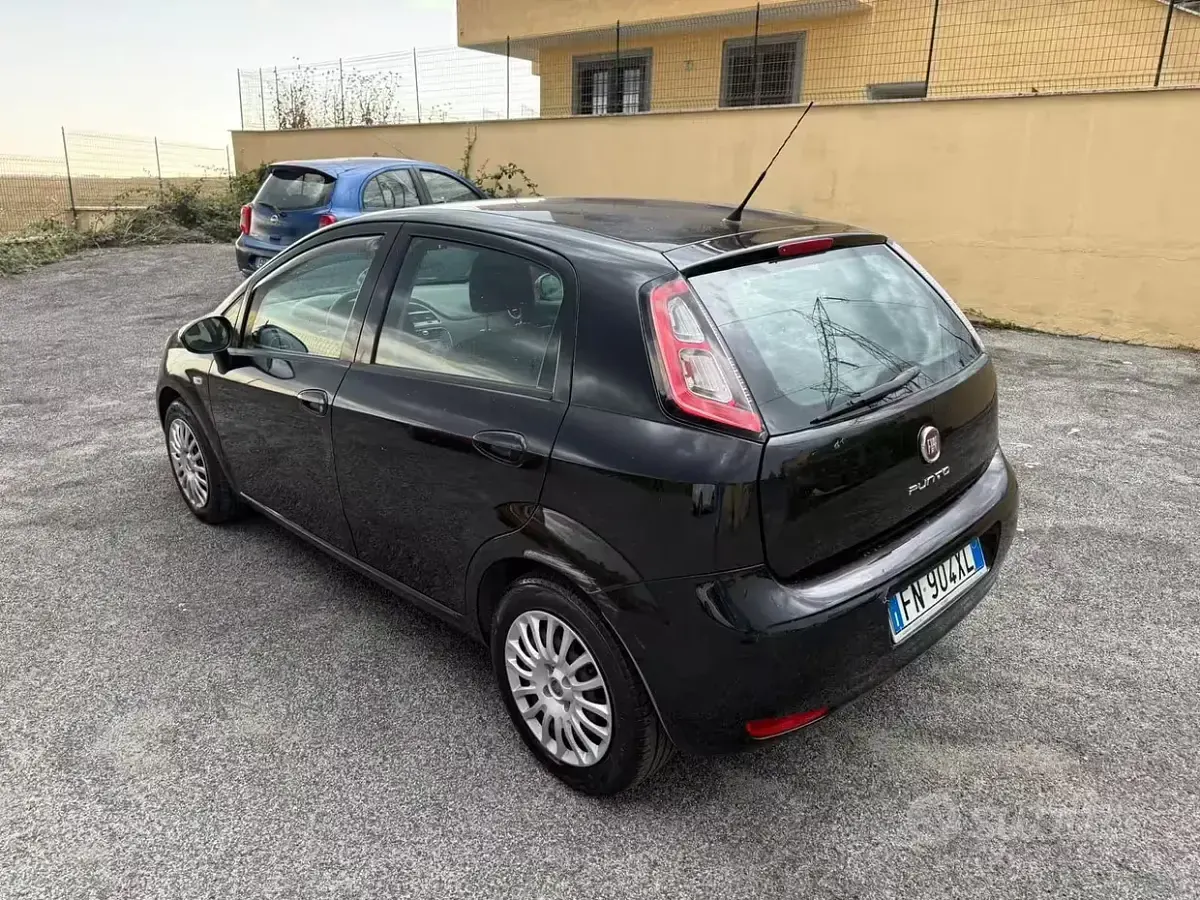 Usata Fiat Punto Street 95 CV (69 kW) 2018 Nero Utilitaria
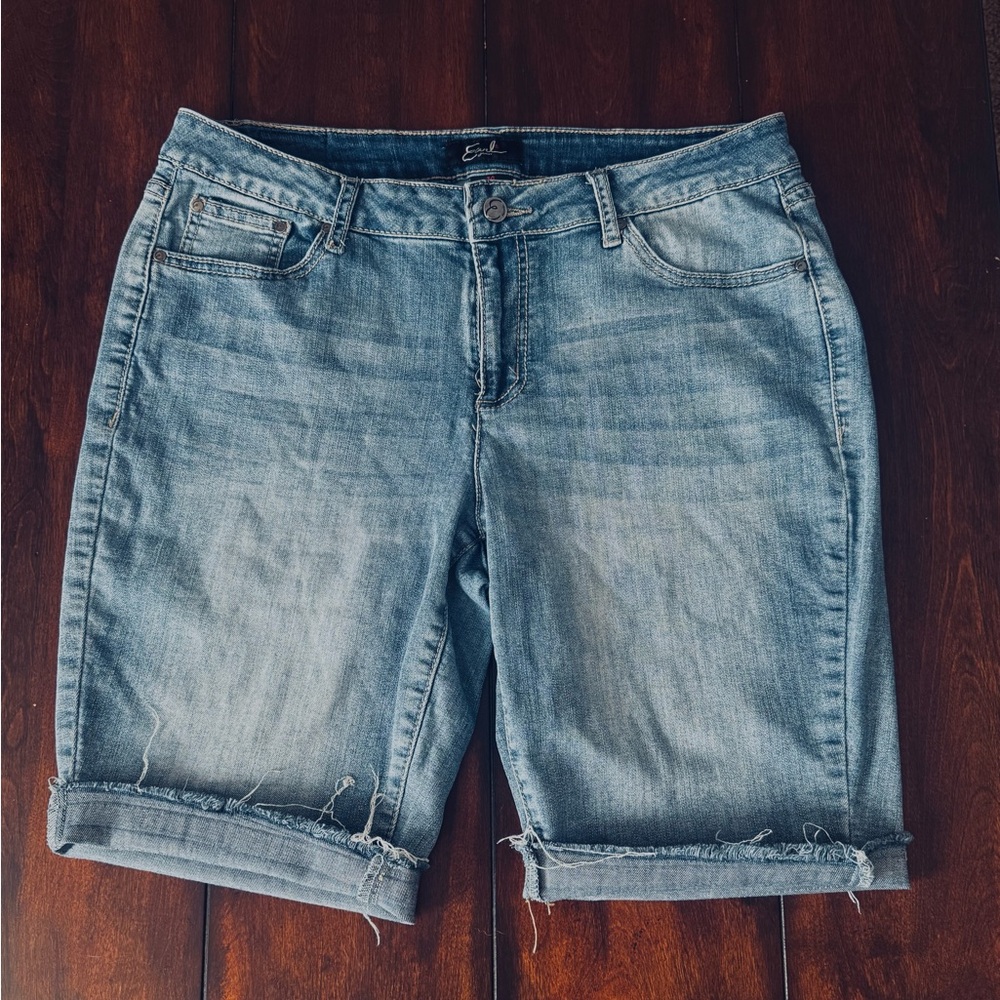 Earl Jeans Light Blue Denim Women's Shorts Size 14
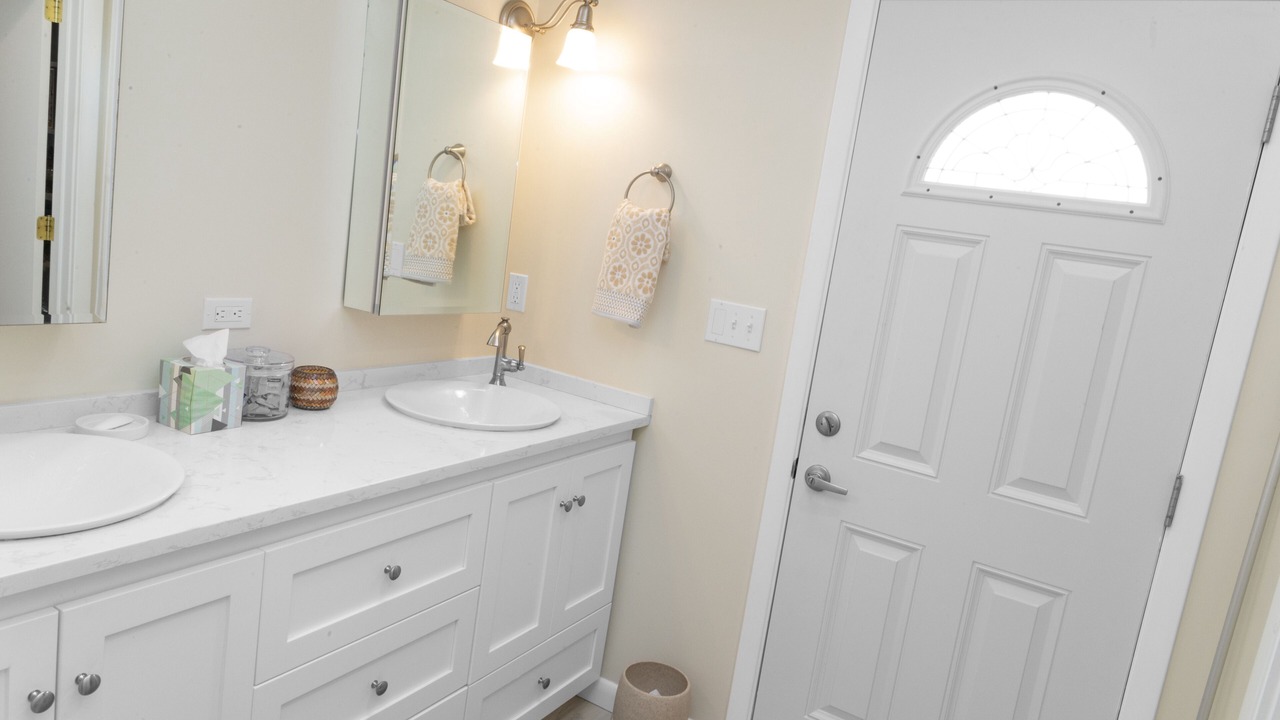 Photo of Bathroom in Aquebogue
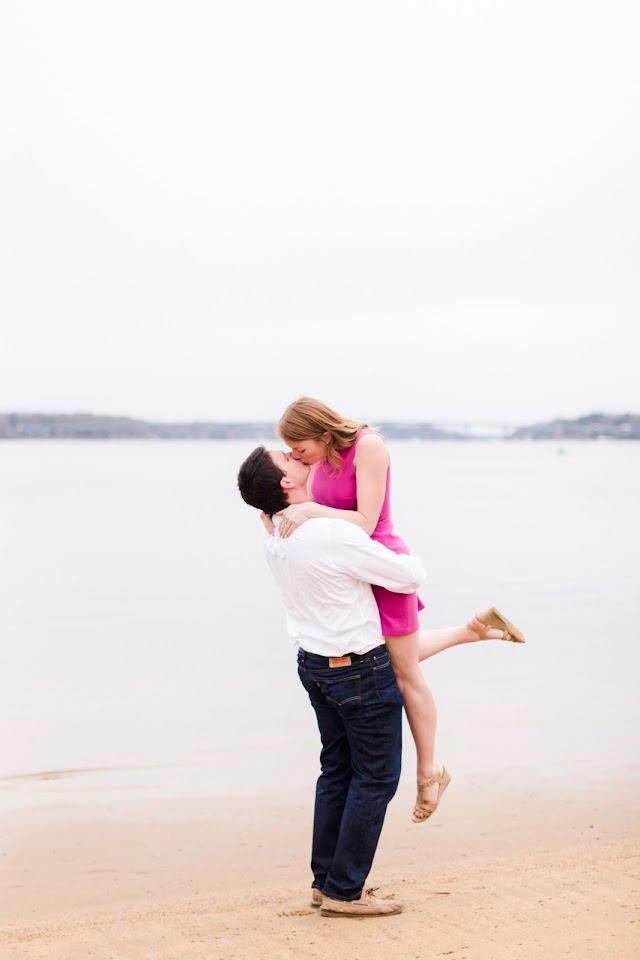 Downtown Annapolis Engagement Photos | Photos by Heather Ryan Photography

^^^^^^^^

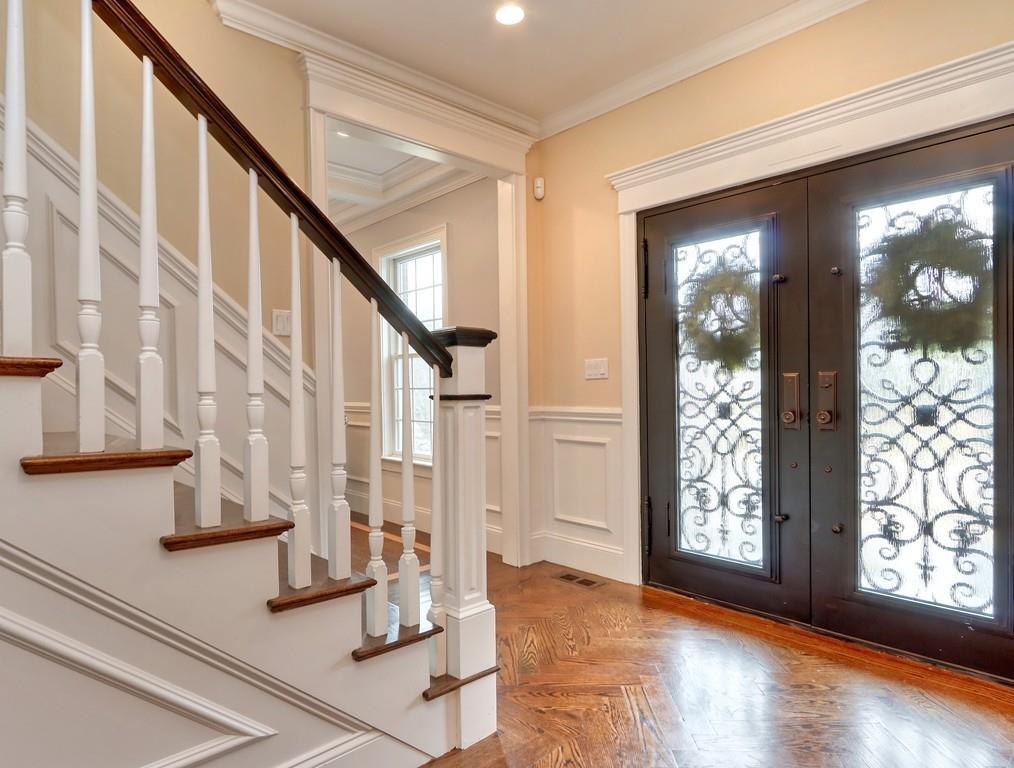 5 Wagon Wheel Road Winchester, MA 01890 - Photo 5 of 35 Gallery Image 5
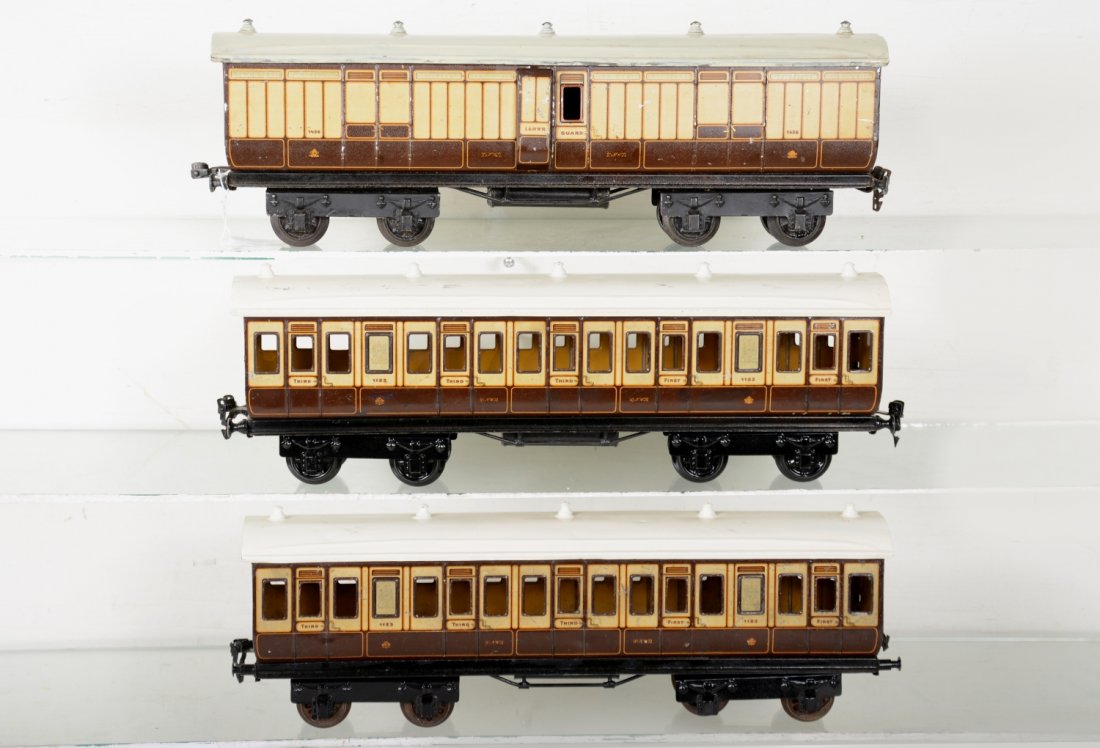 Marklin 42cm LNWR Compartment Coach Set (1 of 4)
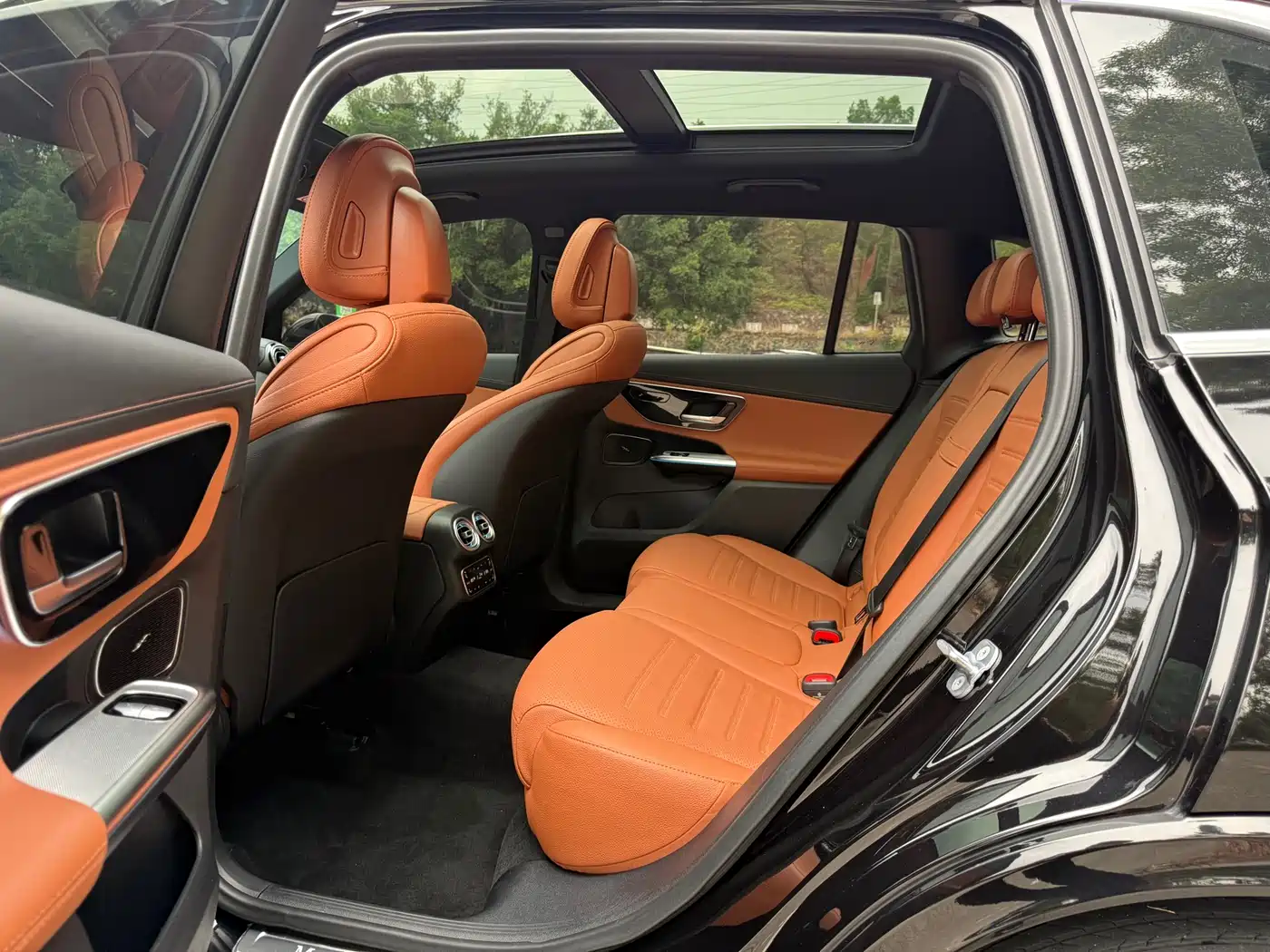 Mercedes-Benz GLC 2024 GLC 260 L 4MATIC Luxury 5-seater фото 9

^^^^^^^^

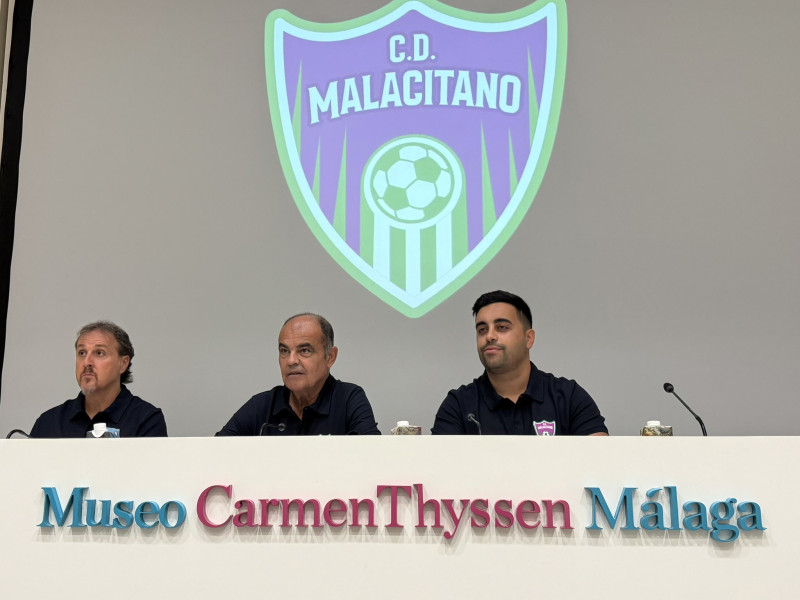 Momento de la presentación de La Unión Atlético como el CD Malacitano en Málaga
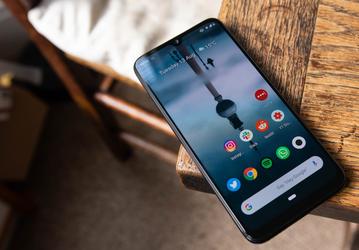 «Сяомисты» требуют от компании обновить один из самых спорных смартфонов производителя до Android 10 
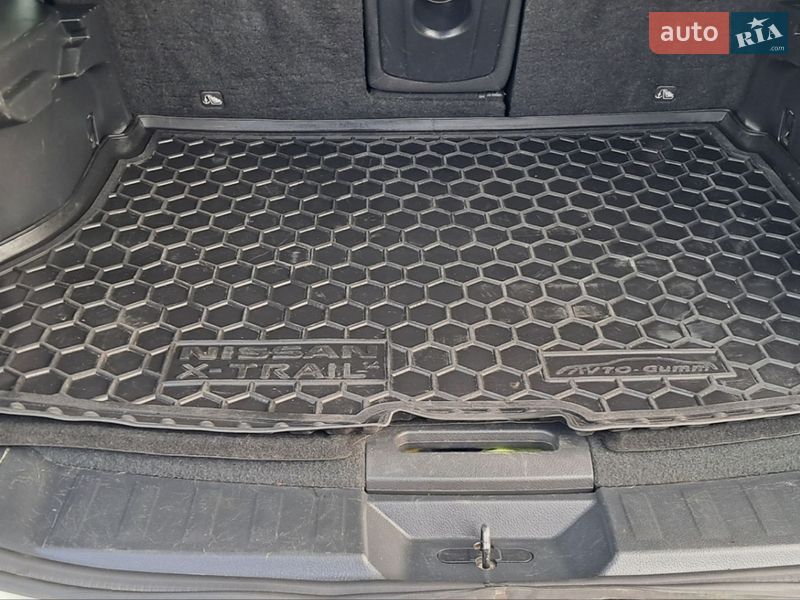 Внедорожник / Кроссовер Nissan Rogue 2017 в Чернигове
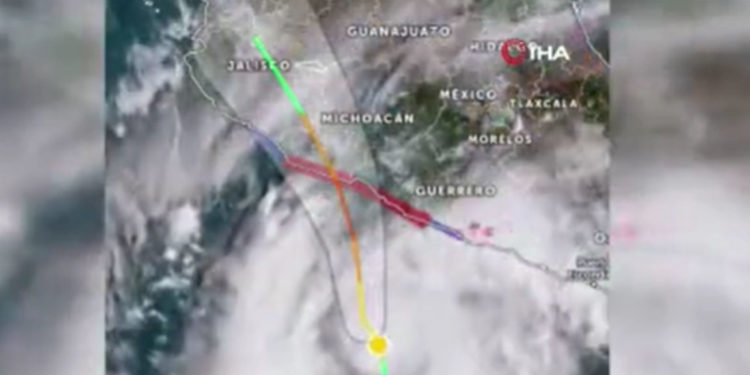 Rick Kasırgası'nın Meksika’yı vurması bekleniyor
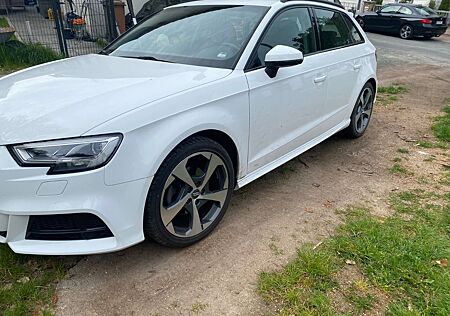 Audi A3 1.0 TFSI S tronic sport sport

^^^^^^^^

▶ **WORK TO BE COMPLETED**
Copy nothing but the lines above from the one with "Usata Fiat Punto" to the one with "Downtown Annapolis Engagement", inclusive, word for word. Leave every picture out.

▶ **ANSWER TO THIS TASK**
 Usata Fiat Punto Street 95 CV (69 kW) 2018 Nero Utilitaria
 Earl Jeans Light Blue Denim Women's Shorts Size 14
 Photo of Bathroom in Aquebogue
 Downtown Annapolis Engagement Photos | Photos by Heather Ryan Photography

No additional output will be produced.